In Relyt, the capability of data layout optimization is provided by the Table Service module. This module is responsible for data maintenance, handling tasks such as data lifecycle (i.e., time-to-live), garbage cleanup, and statistics collection. Table Service can be triggered manually by users or adaptively by the system background worker (AutoTableService).

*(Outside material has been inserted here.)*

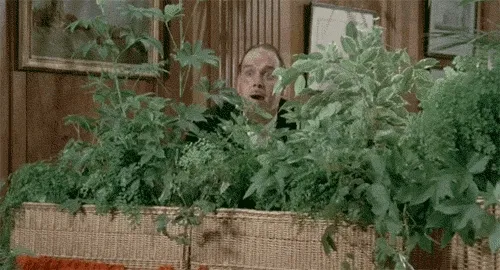 John Cleese hiding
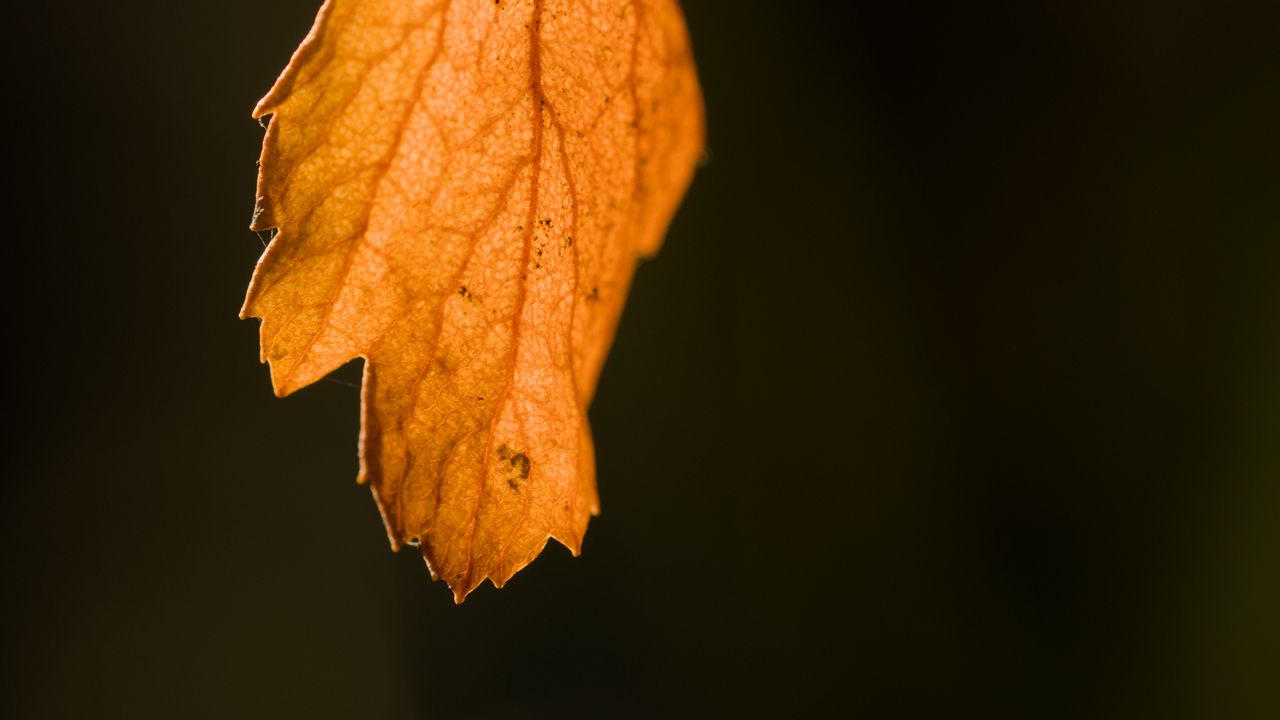 Обои лист, осень, макро, сухой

This article will introduce the Relyt Table Service module from three aspects: overall architecture, data layout optimization strategies, and Conflict-Free transaction model.

Architecture

Relyt abstracts various goals in the Table Service as independent tasks and orchestrates them uniformly. For example, data layout optimization tasks are implemented by two independent tasks: PLAN Task and MERGE Task. The PLAN Task decides which part of the data files' data layout needs optimization based on data metadata and strategy configuration. The MERGE Task carries out the decision made by the PLAN task, i.e., rewriting data files and switching the data version. Besides the PLAN & MERGE Task, Relyt also implements several other Tasks, such as:

  • GC Task: Old version (meta) data recycling

  • STATS Task: Statistics collection

  • INDEX Task: Index building

Fine-grained task management not only helps with clear and concise scheduling logic but also supports flexible task distribution and execution. The following diagram illustrates the scheduling of Relyt Table Service, where the Table Service Scheduler on the Master is responsible for overall scheduling, distributing tasks to Hybrid DPS (HDPS) or Extreme DPS (EDPS) for execution based on task characteristics and overall cluster load:

  • HDPS (resident resources): Suitable for executing lightweight tasks, such as PLAN/GC Tasks, etc.

  • EDPS (elastic resources): Suitable for executing heavy IO/heavy CPU tasks, such as MERGE/INDEX Task, etc.

EDPS resources are elastically initiated, isolating the execution of Table Service Tasks without affecting users' online queries. After execution, they are autonomously reclaimed in seconds, achieving on-demand support for Table Service execution.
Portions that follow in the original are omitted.